Corbyville is a community located within the City of Belleville, Ontario. Its origins begin when Henry Corby immigrated to Canada. Corby had been a baker in England and when he arrived in Belleville in 1832, set up a small food shop. After serving in the Rebellion of 1837 he bought a Saint Lawrence steamer named the Queen which he operated for four years.

It was customary for farmers to set aside a portion of their inferior grain to be made into whisky, and as Corby was already making whisky for the locals, he became interested in the distilling process. In 1857, Corby built a dam and established a grist-mill on the bank of the Moira River. In 1859 he built a distillery which became more important than the mill.   ( I am pretty sure this mill was built long before that by Wm Reed and his Son, about 1812, or at least there was another built back then)

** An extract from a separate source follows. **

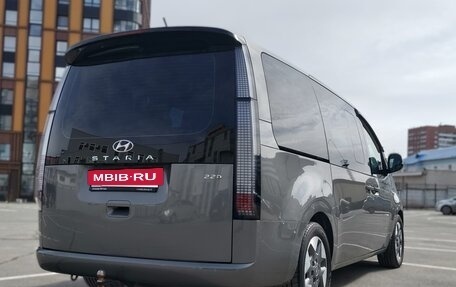 Hyundai Staria, 2022 год, 5 490 000 рублей, 5 фотография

Ten years after building his first mill, Henry decided to try his hand at politics and was elected mayor in 1867. The following year he served as a member of the Provincial Parliament for the Conservatives.

Henry died on October 25, 1881 at which time his son, Harry, took over the business. Harry began to sell the whisky by the bottle rather than the barrel, seeing it a better business opportunity. In 1905 the company was named the H. Corby Distillery. The distillery was closed in 1989.

Corbyville today

The hamlet of Corbyville is not really a ghost town as it is sometimes described since there are over 700 households here. Corbyville has an elementary school, Harmony Public School. Teenage students who live in Corbyville are driven by bus into neighbouring city, Belleville, to attend high school.

On Sunday April 5, 2009 most of what remained of the old Corby Distillery burned down. Arson was suspected.

Now Corbyville is home to a local distillery Signal Brewery, which has a constant flow of people attending in hopes to form a get together as well as trying some wood stove baked pizza.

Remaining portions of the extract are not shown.